1 COMMENT

  1. That’s awesome! I was wondering just yesterday if you’d planned to do a HO with him, and, here you are! Hoping to watch.

  2. Let’s just pray I can get the handle of the technical aspects. Quico won’t be available, and it’ll be my first time in charge of the hangout.

  3. Come to think of it, I’ve never heard him address what it was like moving from Baghdad to Caracas. We’ve often noted the strangeness of the fact that there are as many violent deaths in our Capital as in Iraq’s (except, I think, for the very peak of the insurgency) – and I can’t think of anyone else who moved directly from one place to the other. Ask him!

    • The difference between guarded press/media hotels and roadway escorts, and a nice apartment in the privileged bubble of east ccs? Do you even need to ask?
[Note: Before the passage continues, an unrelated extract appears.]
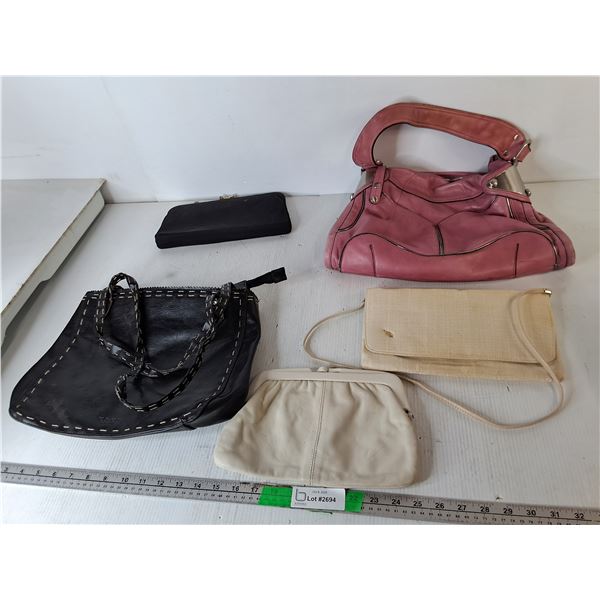 Women's Purses/Clutches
      • The difference is that Bush invaded Iraq in 2003 and Chávez became elected by Venezuelans in 1998. The murder rate in Venezuela went from 19 in 1998 to 34 in 2003 to over 65 or 70 now.
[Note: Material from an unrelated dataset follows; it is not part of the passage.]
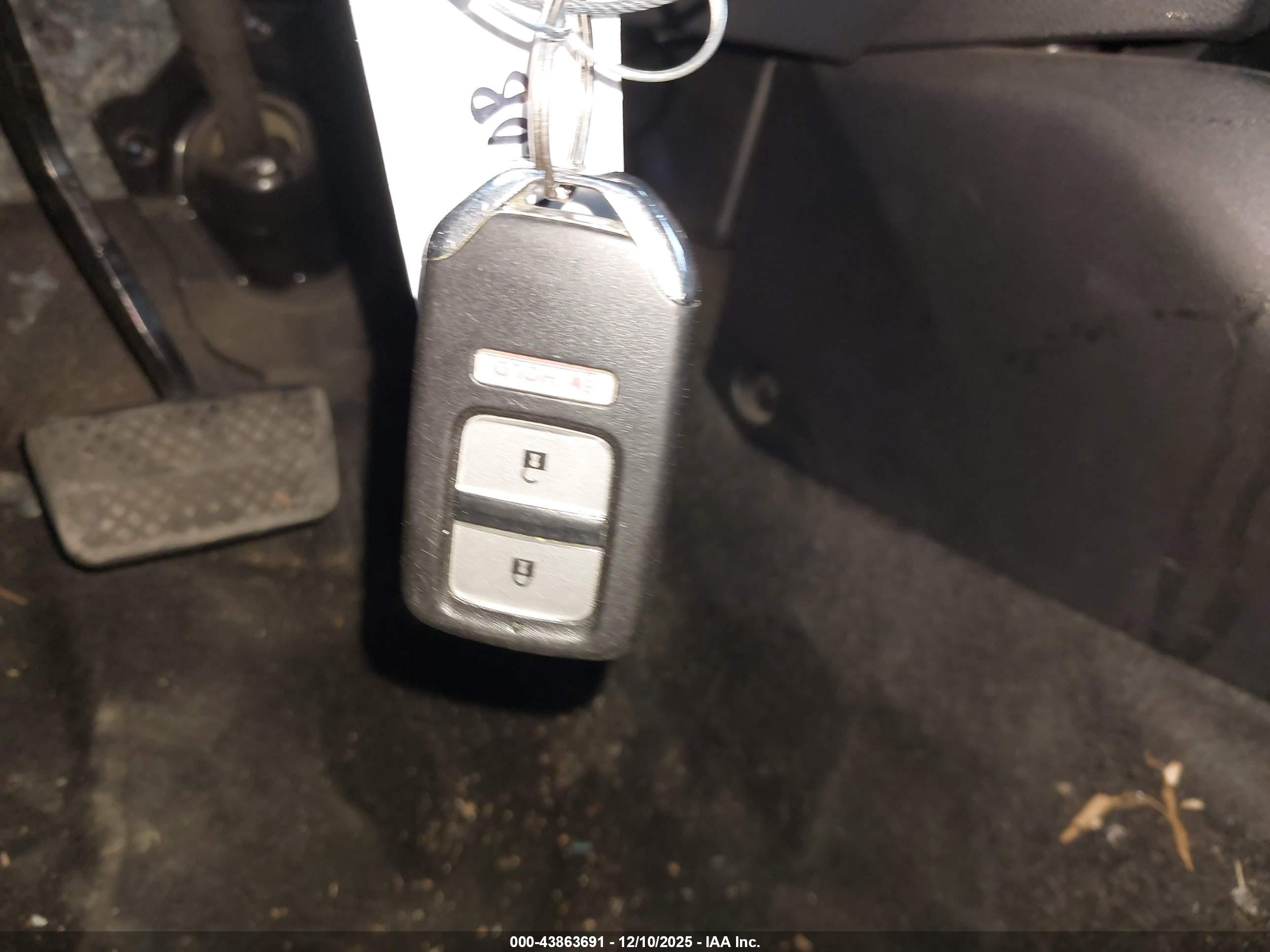 HONDA FIT image 11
        • Bush set the stage for a million deaths, thanks in part to David Frum, but more due to replacing a secular government with warring factions and heavy handed military occupation.

          Chavez inherited a rising crime rate and discovered too late that dramatically reducing poverty wasn’t the magic fix. Watch and see if Maduro can solve the problem and restore revolutionary support to >60% in 2018!

          • 19 to 65+…if only Chávez had lived a thousand years…
            But Maduro now promised efficiency…just like Chávez did in 2004, 2005, 2006, 2007, 2008…the month before he went to Cuba for the last time.

          • You’d be silly to bet that crime-fighting will not be a big issue for Maduro, and that he’s willing to risk a close reelection in 2018.

  4. OT: Entrevista de JJ Rendon, 01ABR13
    Capriles tiene reales oportunidades de vencer?


    Si. Totalmente. Hoy tenemos casi el 29% de indecisos, todos exchavistas que no gustan de Maduro. Entonces yo me pregunto, cuál es la tendencia?. La tendencia, para mí, es que los chavistas no se sienten identificados con la candidatura de Maduro, lo culpan por ser uno de los ministros incompetentes del gobierno Chávez, uno de los que abusó del muerto y ahora está abusando del poder. Ya Capriles es visto como líder de un grupo que promete hacer cambios en el país.
    http://confirmado.com.ve/jj-rendon-cuanto-mas-habla-maduro-peor-para-la-candidatura-del-gobierno/

  5. Thanks Rory and JC for doing that. I would no doubt have had some questions and comments but I too am waiting for my copy of both your books from Amazon. Waiting and waiting. It appears “regular post” means mule in Canada.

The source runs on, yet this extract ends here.